Performance Comparison
Comparing the performance of the implemented prototypes with state-of-the-art focal-plane accelerator chips is not straightforward since every realization addresses a different functionality. As an example, we have included the most significant characteristics of our prototypes together with two recently reported focal-plane sensorprocessor chips in Table 1 . The Viola-Jones chip embeds extra functionalities in addition to the computation of the integral image [41] while featuring the largest resolution and the smallest pixel pitch, with a cost in terms of a reduced fill factor and increased energy consumption. Concerning the SIFT chip, one of the reasons of the energy overhead is the inherent high number of A/D conversions of the whole Gaussian pyramid plus the input scene, which amounts to 40 A/D conversions of the entire pixel array. Still, the acceleration at the focal plane provided by this chip pays off when comparing with more conventional solutions, as shown in Table 2 . The power consumption of conventional CMOS imagers from Omnivision [44] featuring the image resolution tackled by the corresponding processor is incorporated in each of the entries related to conventional solutions. We have not accounted for accesses to external memories first because such costs would also be present if our chip were part of a complete hardware platform for a particular application; and 0.4 J/frame second because they are hardly predictable even with memory models. The energy cost of our chip outperforms that of an imager + conventional processor unit-even a low-power unit-in three orders of magnitude with similar processing speed. This leads to a combined speed-power figure of merit which makes our chip outperform conventional solutions in the range of three to six orders of magnitude.
Conclusions and Future Work
Focal-plane sensing-processing constitutes an architectural approach that can boost the performance of vision algorithms running on embedded systems. Specifically, early vision stages can greatly benefit from focal-plane acceleration by exploiting the distributed memory and concurrent processing in 2-D arrays of sensing-processing pixels. This chapter provides an overview of the fundamental concepts driving the design and implementation of two focal-plane accelerator chips tailored, respectively, for the Viola-Jones and the SIFT algorithms. These are the first steps within a longterm research framework aiming at achieving image sensors capable of simultaneously rendering high-resolution high-quality raw images and valuable pre-processing at ultra-low energy cost. The future work will be singularly biased by the availability of monolithic sensing-processing stacks. 3-D technologies will remove the tradeoff arising when it comes to allocating silicon area for sensors and processors on the same plane.
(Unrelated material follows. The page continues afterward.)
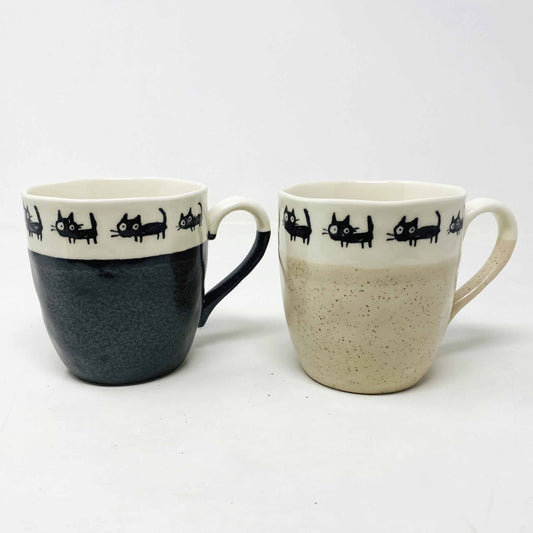 Black Cat Pair Mug (8.5 fl.oz) image 0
High sensitivity and high processing parallelization will be compatible on the same chip. 3-D stacks will also foster alternative ways of making the most of vertical across-chip interconnections, from transistor level up to system architecture. In summary, 3-D integration technologies are the natural solution to develop feature extractors with low power budget without degrading image quality. Our prototypes on planar processes already consider future migration to these technologies, and this will continue to be a compulsory requirement of forthcoming designs.